Our H Score®, for example, has historically flagged companies with high accuracy for financial distress within a three-year window when their score drops below 25. That kind of early warning only matters if you’re paying attention.
We once flagged a £20m-turnover target because its retained earnings profile didn’t align with the growth narrative. It reminded me of a case we saw recently with BOSHHH LTD. Their H Score® was just 5 out of 100 in 2023, dropping to 4 the following year – well inside the Warning Area, where failure becomes statistically likely. Despite no revenue, their liabilities surged to £459k, with four unsatisfied CCJs and over £3 million owed to unsecured creditors. A bank took a heavy six-figure hit. The signs – low score, poor liquidity, legal pressure – were all visible in the data. It’s a reminder that what looks steady at a glance can be structurally weak underneath.
It’s tempting to think if you just pull more sources, you’ll get to the truth. But raw data is not insight. And at worst, it can create false confidence.
The strongest deal teams I know aren’t just scraping LinkedIn and Companies House. They’re building clean, structured profiles of companies using tools like our highly popular Data Builder, segmenting by health, stability, and financial characteristics that align to strategy.
And they’re asking smart questions: Why has this director moved between three entities in five years? Why does this supplier’s financial profile look oddly like its competitor’s? When was this group structure last updated?
More data doesn’t help if it’s fragmented or misleading. What matters is whether it helps you connect dots faster than the other side.
Sometimes people think fraud is a public sector issue, or something you only worry about when buying distressed assets.
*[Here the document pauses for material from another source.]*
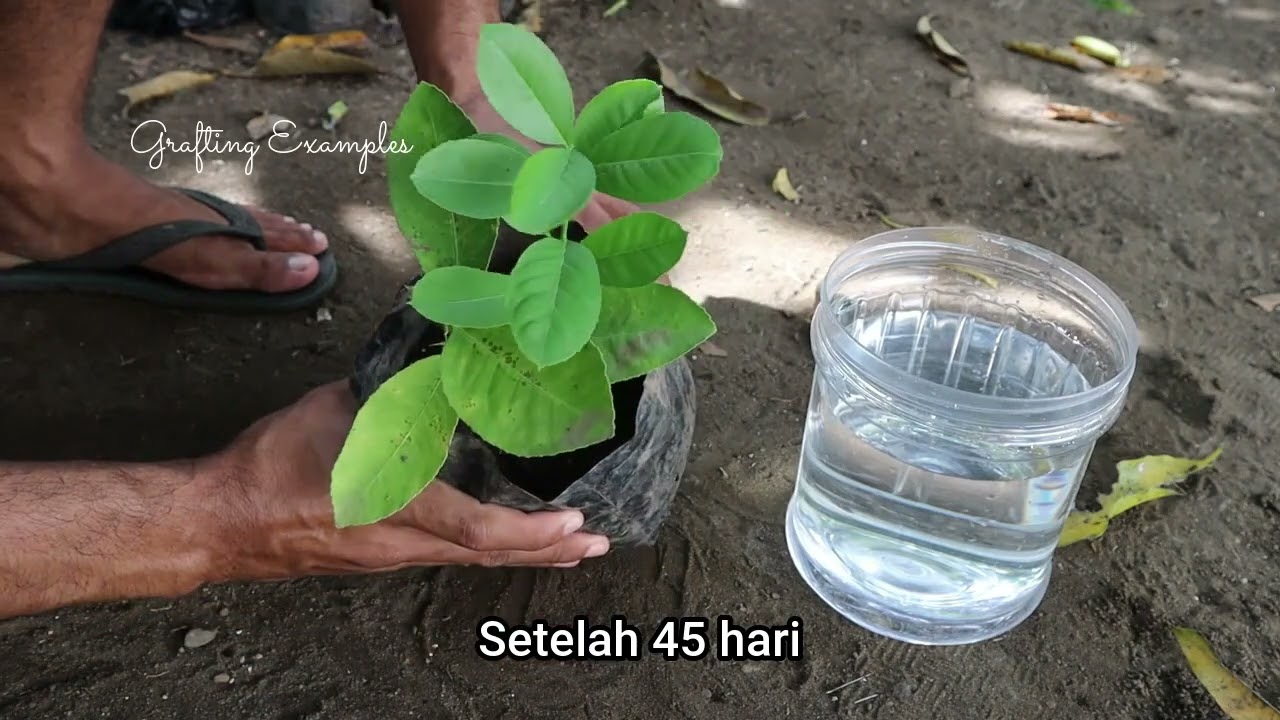 Stem cutting HD Video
But some of the more subtle cases we’ve seen have come from profitable, growing businesses.
It’s not always criminal. Sometimes it’s aggressive accounting. Sometimes it’s one director hiding a prior disqualification behind a near-match name. In some cases, we’ve seen evidence of filings being copied and pasted, year after year, to keep up appearances.
Our platform recently flagged a company where four years of accounts had identical wording, layout, and even punctuation. A deeper look showed they were duplicating filings from a dissolved sister firm. That’s not just sloppy, it’s a signal.
The team likes the asset, the numbers work, and it’s early. So the plan is to run basic checks now and go deeper later.
But later doesn’t always come. The deal heats up. Another bidder enters. The founder goes quiet. And suddenly you’re in exclusivity with a company you only half understand.
The best investors I know don’t leave risk for later. They triage early. They put targets on monitoring lists to highlight critical alerts during the process, and use scenario tools to see how close to the edge a business really is.
In M&A, the biggest returns often come from seeing what others overlook. That takes more than data. It takes judgement, a trained eye, and a process that gives risk a seat at the table from day one.
The best teams I work with are already monitoring targets using our live alerting tools, watching for late filings – or more subtle changes like ARD changes, director disqualifications, and cash flow crunch indicators that signal when a business might be heading for trouble. They know that even minor shifts in financial health can accumulate into major exposure if ignored. They build watchlists based on H Score® thresholds, set rules to flag financial health declines, and check for inconsistencies in revenue recognition or balance sheet growth.
They’re also asking more from their data. What has happened, yes, but also what’s likely to happen next. Our Stress Testing tool, for example, lets you model how a business might perform under stress – useful if you’re about to inherit their cash flow forecast.
That’s the kind of judgement that only comes from doing the work. And in my opinion, it’s still the most reliable form of due diligence there is.